Exercise objective: Give back an exact copy of the listing that follows, without the pictures.

Data supplied:
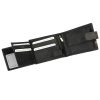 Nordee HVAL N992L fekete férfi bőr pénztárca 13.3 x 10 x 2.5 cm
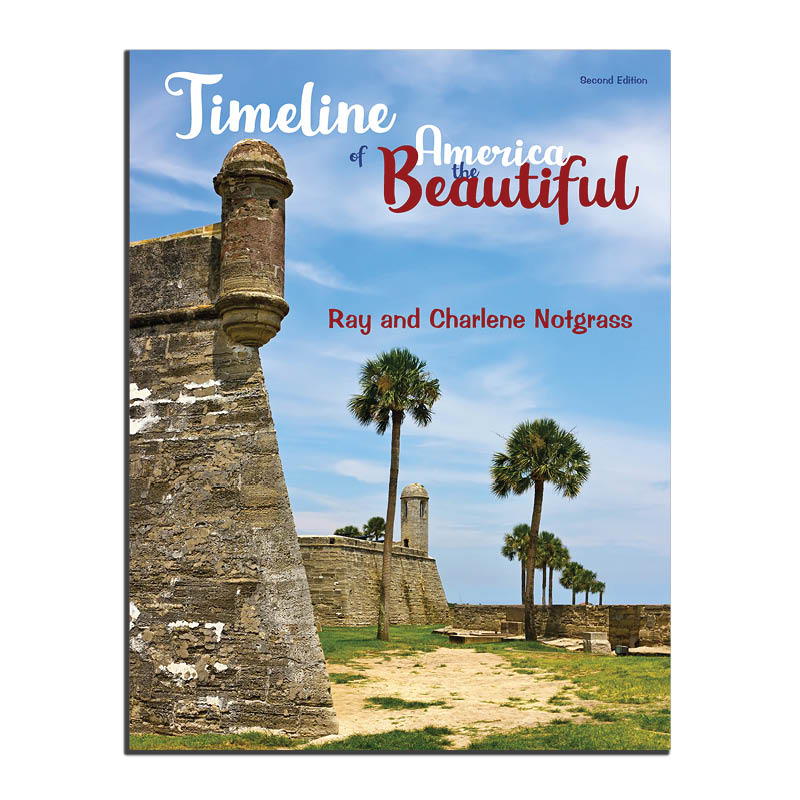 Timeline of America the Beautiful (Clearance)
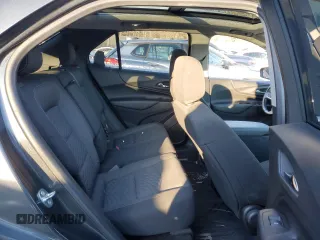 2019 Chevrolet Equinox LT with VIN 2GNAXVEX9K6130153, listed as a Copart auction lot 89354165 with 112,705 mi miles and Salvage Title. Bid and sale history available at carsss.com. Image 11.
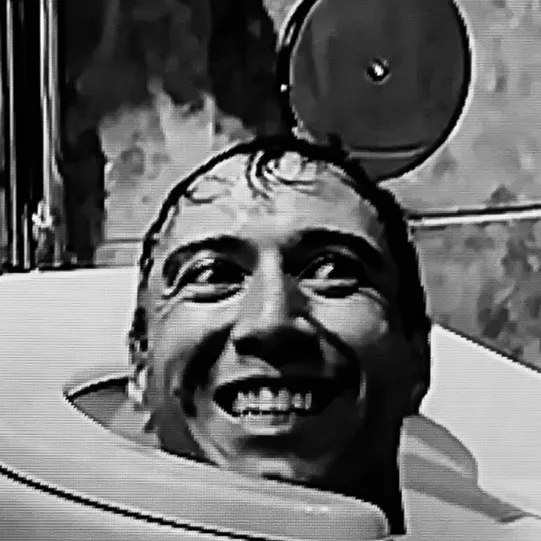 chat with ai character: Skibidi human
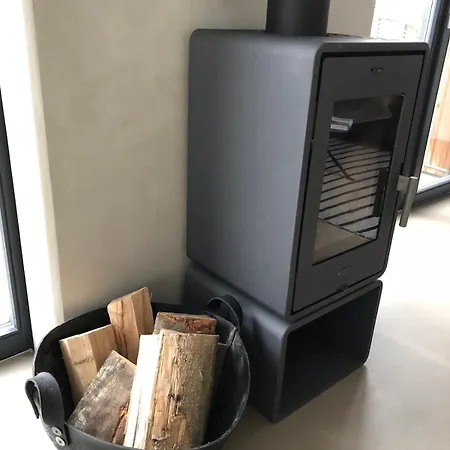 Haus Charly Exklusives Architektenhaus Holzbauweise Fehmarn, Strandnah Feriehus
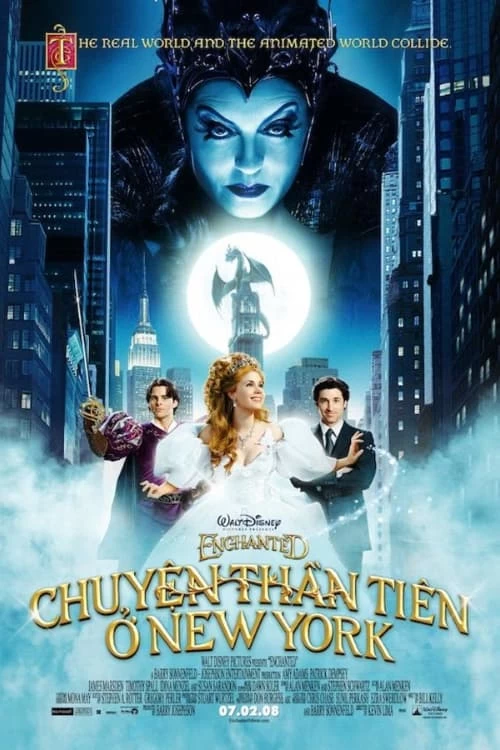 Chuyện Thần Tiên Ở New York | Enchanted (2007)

Answer to the exercise:
 Nordee HVAL N992L fekete férfi bőr pénztárca 13.3 x 10 x 2.5 cm
 Timeline of America the Beautiful (Clearance)
 2019 Chevrolet Equinox LT with VIN 2GNAXVEX9K6130153, listed as a Copart auction lot 89354165 with 112,705 mi miles and Salvage Title. Bid and sale history available at carsss.com. Image 11.
 chat with ai character: Skibidi human
 Haus Charly Exklusives Architektenhaus Holzbauweise Fehmarn, Strandnah Feriehus
 Chuyện Thần Tiên Ở New York | Enchanted (2007)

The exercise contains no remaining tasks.